The 1960s Batman TV series carries a reputation for giving the Dark Knight a seemingly endless arsenal of gadgets to use in his fight against crime. These tools sometimes appeared incredibly limited in use, with the Caped Crusader pulling out an instrument necessary only for that exact situation. Yet even the goofiest of Batman’s gadgets has god-killing potential in the hands of the Dark Knight.
This proves to be the case in Scott Snyder and John Romita Jr.’s All-Star Batman #2. When Batman tries to take Two-Face across the country in an attempt to cure him of his evil personality, the villain offers the fortunes of Gotham’s wealthiest crime bosses to anyone who frees him from the Dark Knight’s grasp. This gains the attention of King Shark and Amygdala, who attack Batman on a moving train. Batman quickly dispatches them by attacking King Shark with a shark repellent, sending the hulking god reeling and knocking himself and Amygdala off the train.

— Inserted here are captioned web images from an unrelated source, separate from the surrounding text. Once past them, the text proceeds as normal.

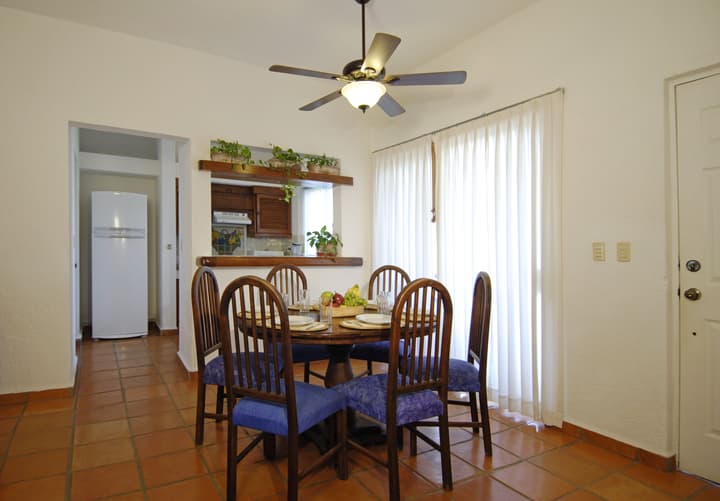 Las Palmas Condominios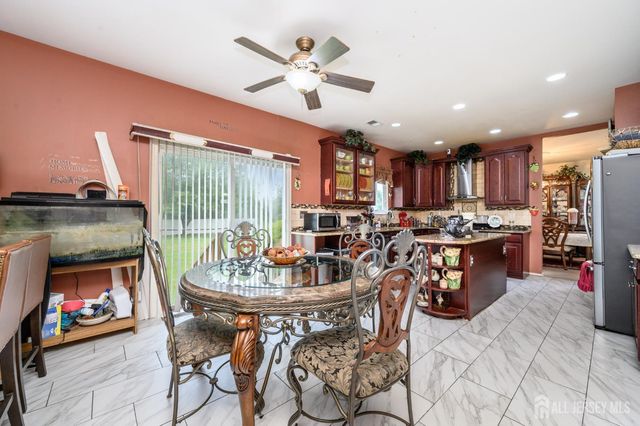 2 Garden Hills Drive, Franklin, NJ 08873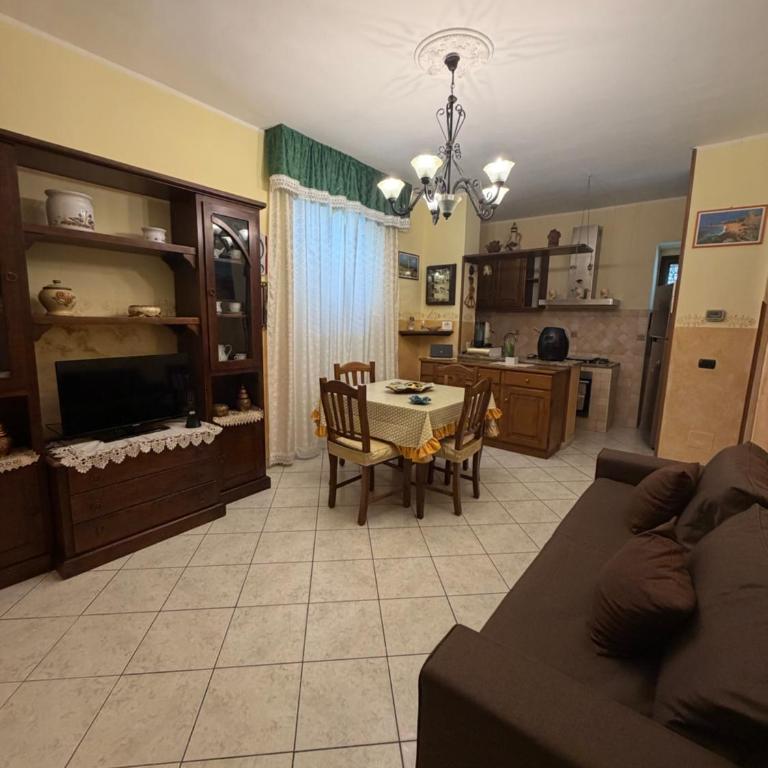 Casa Vacanze V&L - Two-Bedroom House - 1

Batman Effortlessly Destroyed King Shark
Batman’s shark repellent carries an infamous reputation among fans of the character, and has accrued a number of joking references in films, comics and TV shows. The gadget first appeared in 1958’s Batman #117, where the Caped Crusader and his Robin use the shark repellent against a giant sea monster while in pursuit of an alien thief. However, the most famous appearance of the shark repellent comes in 1966’s Batman: The Movie, wherein Adam West’s Batman uses it to fight off an exploding shark that has caught his leg on the ladder of a helicopter. The shark repellent would later appear again in West’s Batman series; in a 1967 episode entitled Surf’s Up! Joker’s Under!, Batman uses the repellent on a shark during a surfing competition against the Joker to ensure the Clown Prince of Crime doesn’t become the King of Surfing.

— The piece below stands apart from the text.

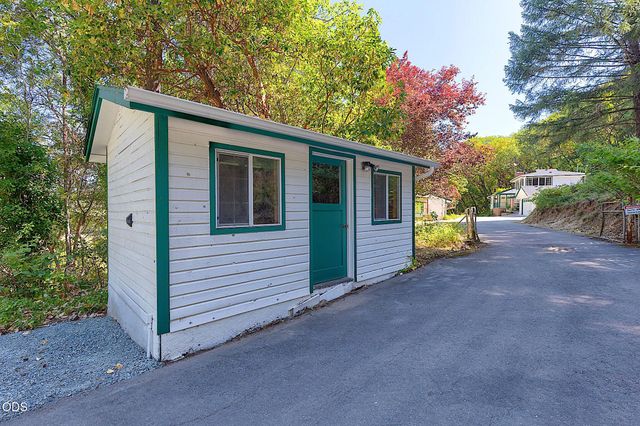 11150 Lower River Road, Grants Pass, OR 97526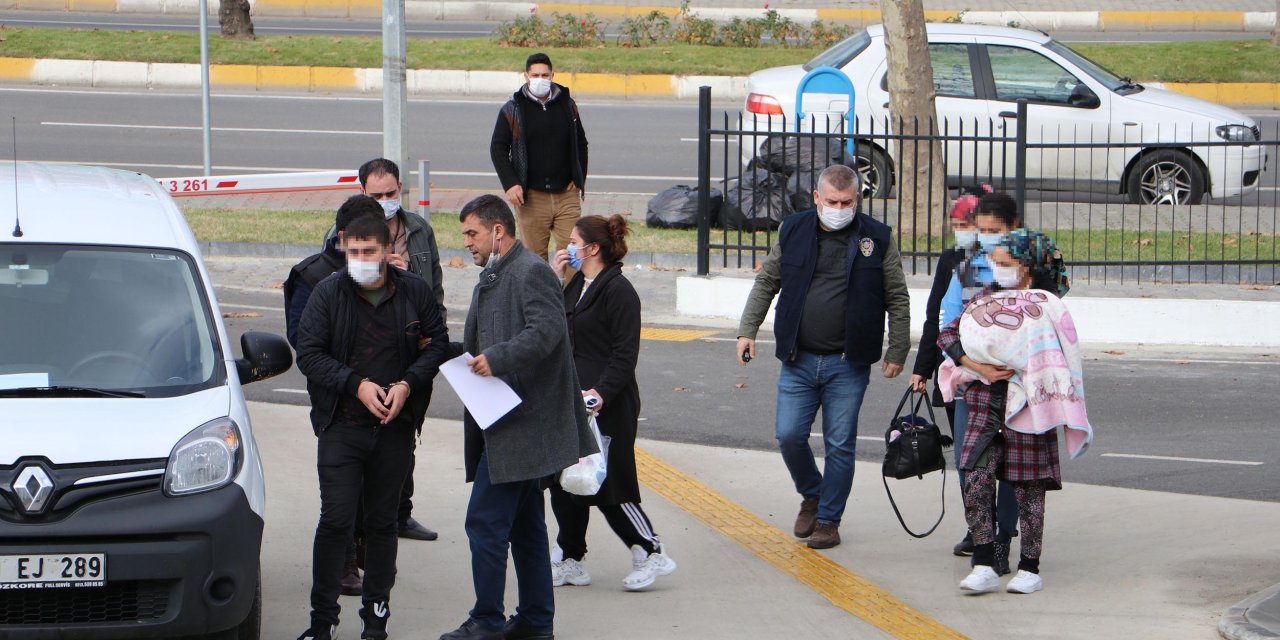 Otomobille kaçarken 2 polisi yaralayan yankesicilik şüphelisi aile adliyede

Batman Can Turn a Joke Weapon into a God-Killer
As humorous as this gadget is to fans, it clearly has its place in Batman’s arsenal. King Shark is an impulsive, vicious killer who often works as muscle for other villains, when he’s not fighting alongside Amanda Waller’s Suicide Squad. However, the being – known as Nanaue – is also the son of DC’s God of Sharks, recently fighting for his species in the epic Wild Games, which showcased his godlike strength, durability, and healing (in Tim Seeley & Scott Kolins’ Suicide Squad: King Shark). While King Shark may not think much of his godly lineage, he is essentially the embodiment of all sharks, making it clear why shark repellant would affect a god even more drastically.
Batman’s Legacy Can’t Be Pinned Down
Snyder and Romita Jr.’s inclusion of the Bat-Shark Repellent provides a fun nod to a piece of Batman history while also showing how effective any weapon can be against the bizarre enemies Batman faces on a daily basis. The gadget has become something of a symbol of a sillier period for the Caped Crusader, with the West series’ commitment to comedy providing a stark contrast to the more serious modern era of the hero, but part of what makes DC’s comics great is constantly reclaiming the excesses of superhero stories. It’s a perfect symbol of how superhero comics consolidate their characters that the Bat-Shark Repellant is at home in both a pure comedy Batman story and a high-octane, action-oriented battle with real emotional stakes.
Batman is a surprisingly versatile character, and it’s a perfect expression of what the Dark Knight means to different fans that depending on the writer, his goofiest TV gadget is either a joke about his infinite arsenal of gadgets or an awesome way of dispatching a challenging foe.